From 60cd57abf3a161ccbe5c0e6cdd506fd0db965f04 Mon Sep 17 00:00:00 2001
From: Hayato Kuroda <kuroda.hayato@fujitsu.com>
Date: Fri, 27 Jan 2023 03:17:30 +0000
Subject: [PATCH v41 1/2] postgres_fdw: Allow postgres_fdw_get_connections() to
 check connection

If requested, postgres_fdw_get_connections() can verify the status of
connections that are establieshed by postgres_fdw. This check wil be
done by polling the socket. This feature is currently available only
on systems that support the non-standard POLLRDHUP extension to the
poll system call, including Linux.

"closed" column is set to false if existing connection is not closed
by the remote peer.
---
 contrib/postgres_fdw/Makefile                 |   2 +-
 contrib/postgres_fdw/connection.c             | 151 +++++++++++++++++-
 .../postgres_fdw/expected/postgres_fdw.out    |  65 +++++++-
 contrib/postgres_fdw/meson.build              |   1 +
 .../postgres_fdw/postgres_fdw--1.1--1.2.sql   |  22 +++
 contrib/postgres_fdw/postgres_fdw.control     |   2 +-
 contrib/postgres_fdw/sql/postgres_fdw.sql     |  57 +++++++
 doc/src/sgml/postgres-fdw.sgml                |  71 ++++++--
 8 files changed, 344 insertions(+), 27 deletions(-)

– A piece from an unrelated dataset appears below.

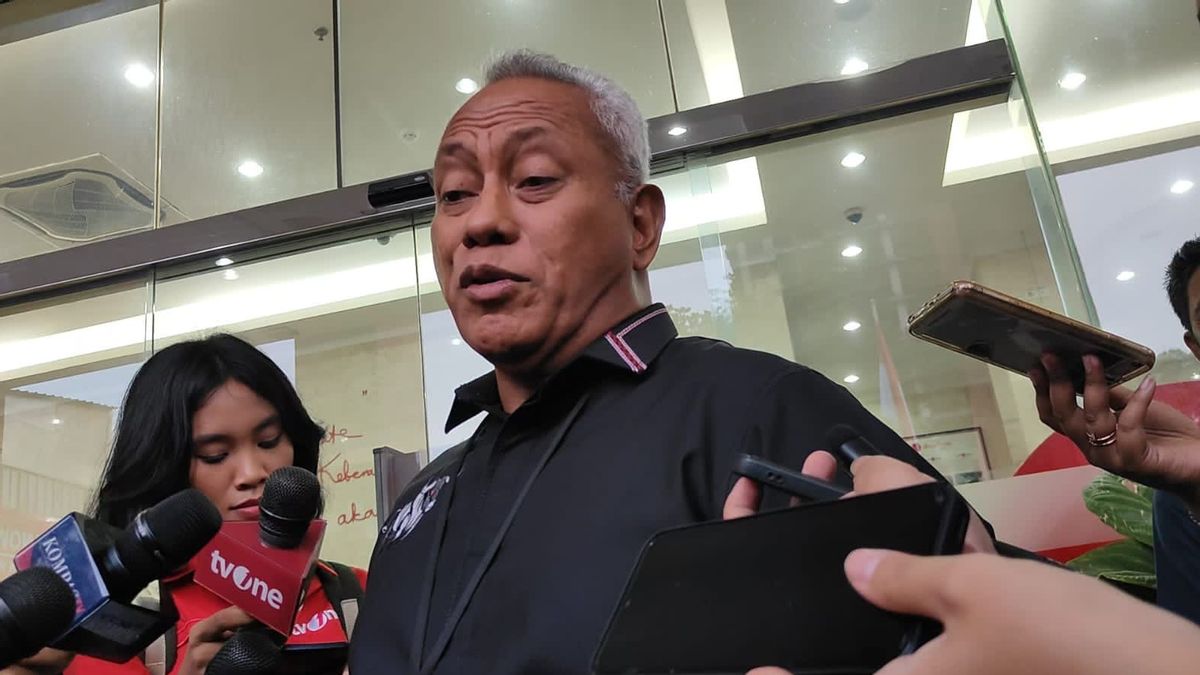 PDIP Honorary Head Komarudin Said Gibran Is Distinguished With Bobby Nasution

 create mode 100644 contrib/postgres_fdw/postgres_fdw--1.1--1.2.sql

diff --git a/contrib/postgres_fdw/Makefile b/contrib/postgres_fdw/Makefile
index c1b0cad453..6d23768389 100644
--- a/contrib/postgres_fdw/Makefile
+++ b/contrib/postgres_fdw/Makefile
@@ -14,7 +14,7 @@ PG_CPPFLAGS = -I$(libpq_srcdir)

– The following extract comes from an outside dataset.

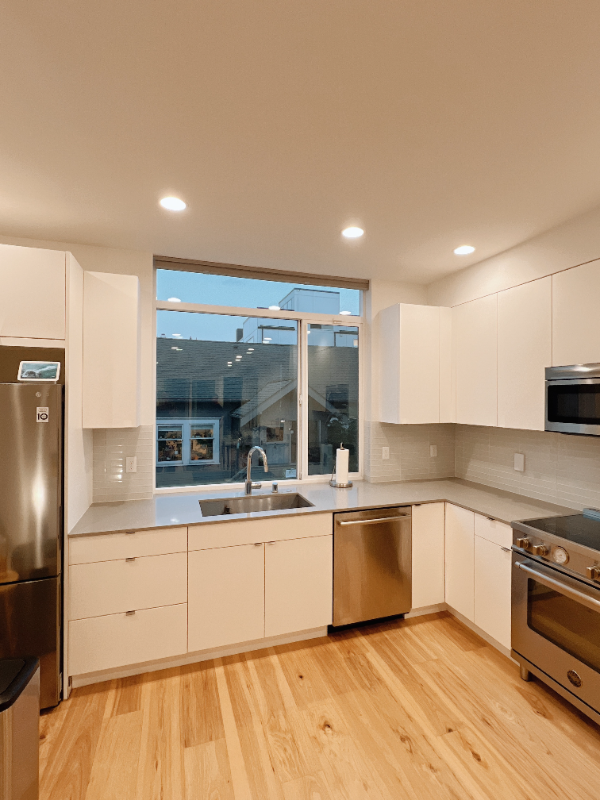 2607 Sw Adams St #C - Photo 5 of 12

 SHLIB_LINK_INTERNAL = $(libpq)
 
 EXTENSION = postgres_fdw
-DATA = postgres_fdw--1.0.sql postgres_fdw--1.0--1.1.sql
+DATA = postgres_fdw--1.0.sql postgres_fdw--1.0--1.1.sql postgres_fdw--1.1--1.2.sql
 
 REGRESS = postgres_fdw
 
diff --git a/contrib/postgres_fdw/connection.c b/contrib/postgres_fdw/connection.c
index 33e8054f64..edc2f5eb46 100644
--- a/contrib/postgres_fdw/connection.c
+++ b/contrib/postgres_fdw/connection.c
@@ -12,6 +12,10 @@
  */
 #include "postgres.h"
 
+#if HAVE_POLL_H
+#include <poll.h>
+#endif
+
 #include "access/htup_details.h"
 #include "access/xact.h"
 #include "catalog/pg_user_mapping.h"
@@ -107,12 +111,20 @@ static uint32 pgfdw_we_get_result = 0;
 					 (entry)->xact_depth, (entry)->xact_depth); \
 	} while(0)
 
+enum pgfdwVersion
+{
+	PGFDW_V1_0 = 0,
+	PGFDW_V1_2,
+}			pgfdwVersion;
+
 /*
  * SQL functions
  */
 PG_FUNCTION_INFO_V1(postgres_fdw_get_connections);
+PG_FUNCTION_INFO_V1(postgres_fdw_get_connections_1_2);
 PG_FUNCTION_INFO_V1(postgres_fdw_disconnect);
 PG_FUNCTION_INFO_V1(postgres_fdw_disconnect_all);
+PG_FUNCTION_INFO_V1(postgres_fdw_can_verify_connection);
 
 /* prototypes of private functions */
 static void make_new_connection(ConnCacheEntry *entry, UserMapping *user);
@@ -159,6 +171,12 @@ static void pgfdw_security_check(const char **keywords, const char **values,
 								 UserMapping *user, PGconn *conn);
 static bool UserMappingPasswordRequired(UserMapping *user);
 static bool disconnect_cached_connections(Oid serverid);
+static Datum postgres_fdw_get_connections_internal(FunctionCallInfo fcinfo,
+												   enum pgfdwVersion api_version);
+
+/* Low layer-like functions. They are used for verifying connections. */
+static int	pgfdw_conn_check(PGconn *conn);
+static bool pgfdw_conn_checkable(void);
 
 /*
  * Get a PGconn which can be used to execute queries on the remote PostgreSQL
@@ -1978,22 +1996,31 @@ pgfdw_finish_abort_cleanup(List *pending_entries, List *cancel_requested,
 }
 
 /*
- * List active foreign server connections.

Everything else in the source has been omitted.